Segment Start: Source material
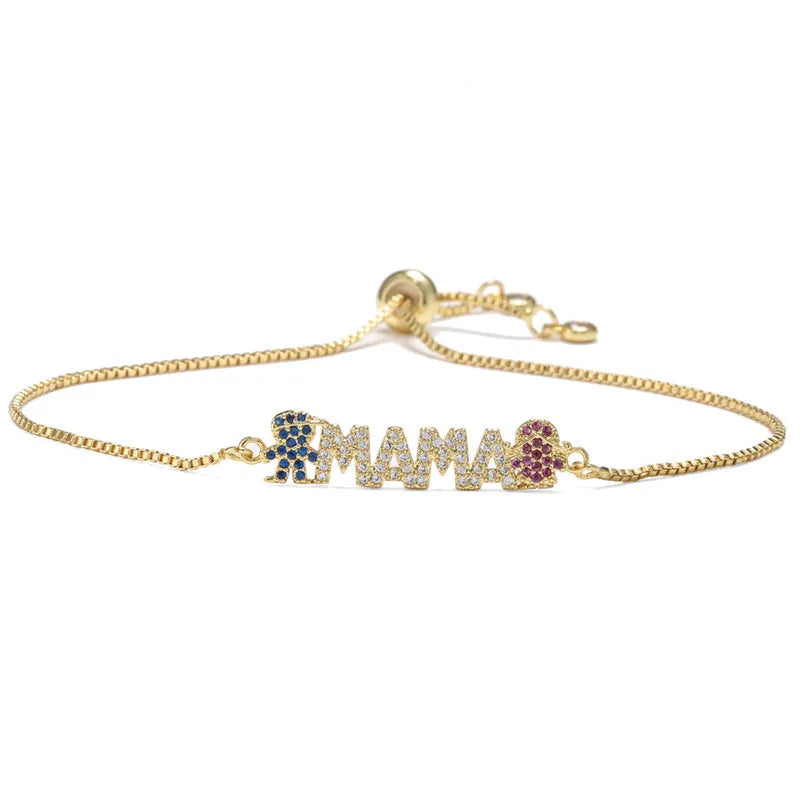 Fashion Gold Color "Mama" Charm Bracelets For Women Girl Adjustable Chain Length Luxury CZ Jewelry Gift For Mom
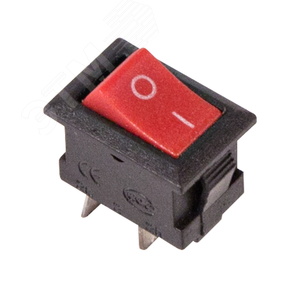 Выключатель клавишный 250V 3А (2с) ON-OFF красный Micro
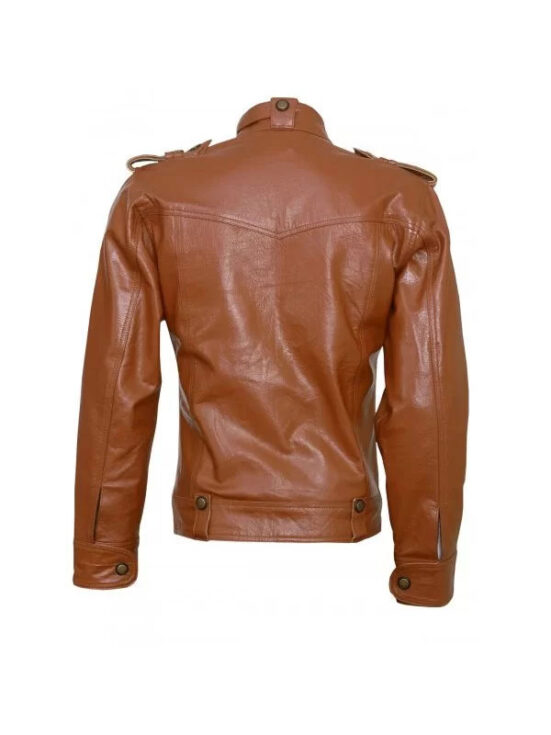 Men’s Tan Leather Jacket - Image 2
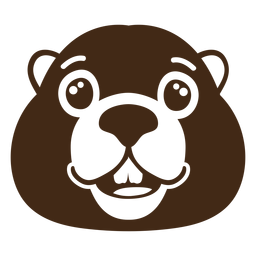 Beaver happy muzzle head flat PNG Design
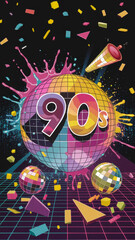 90's Retro Party Poster with Vibrant Disco Theme and Abstract Shapes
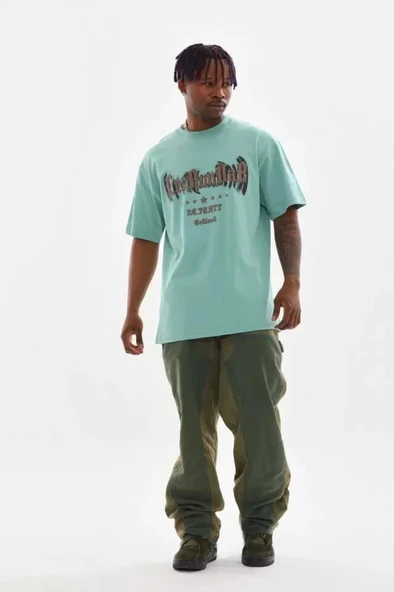 Unisex Baskılı Oversize T-Shirt - Mint Yeşili - Resim 3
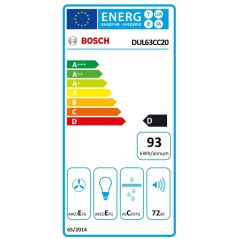 HOTTE VISIERE BOSCH ENCASTRABLE 60cm 350m3 72db Led D Blanc DUL 63 CC 20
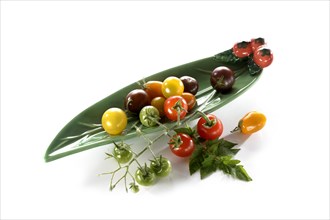 Wild tomatoes in an elongated leaf-shaped bowl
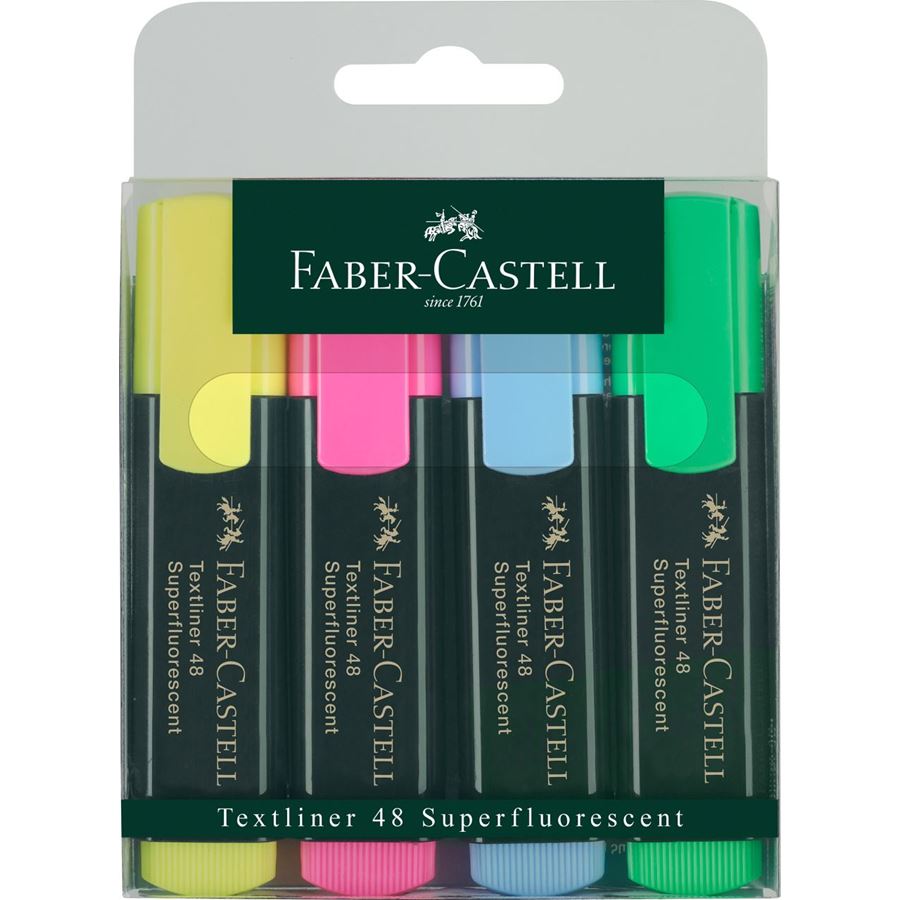 Faber-Castell Pack de 4 Rotuladores Marcadores Fluorescentes Textliner 48 - Punta Biselada - Trazo e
Segment End: Source material
=== To do ===
The line containing "Men’s Tan Leather Jacket - Image 2" and every line after it, through the end of the material above, are to be printed exactly; no pictures belong in the output.

=== Output below ===
 Men’s Tan Leather Jacket - Image 2
 Beaver happy muzzle head flat PNG Design
 90's Retro Party Poster with Vibrant Disco Theme and Abstract Shapes
 Unisex Baskılı Oversize T-Shirt - Mint Yeşili - Resim 3
 HOTTE VISIERE BOSCH ENCASTRABLE 60cm 350m3 72db Led D Blanc DUL 63 CC 20
 Wild tomatoes in an elongated leaf-shaped bowl
 Faber-Castell Pack de 4 Rotuladores Marcadores Fluorescentes Textliner 48 - Punta Biselada - Trazo e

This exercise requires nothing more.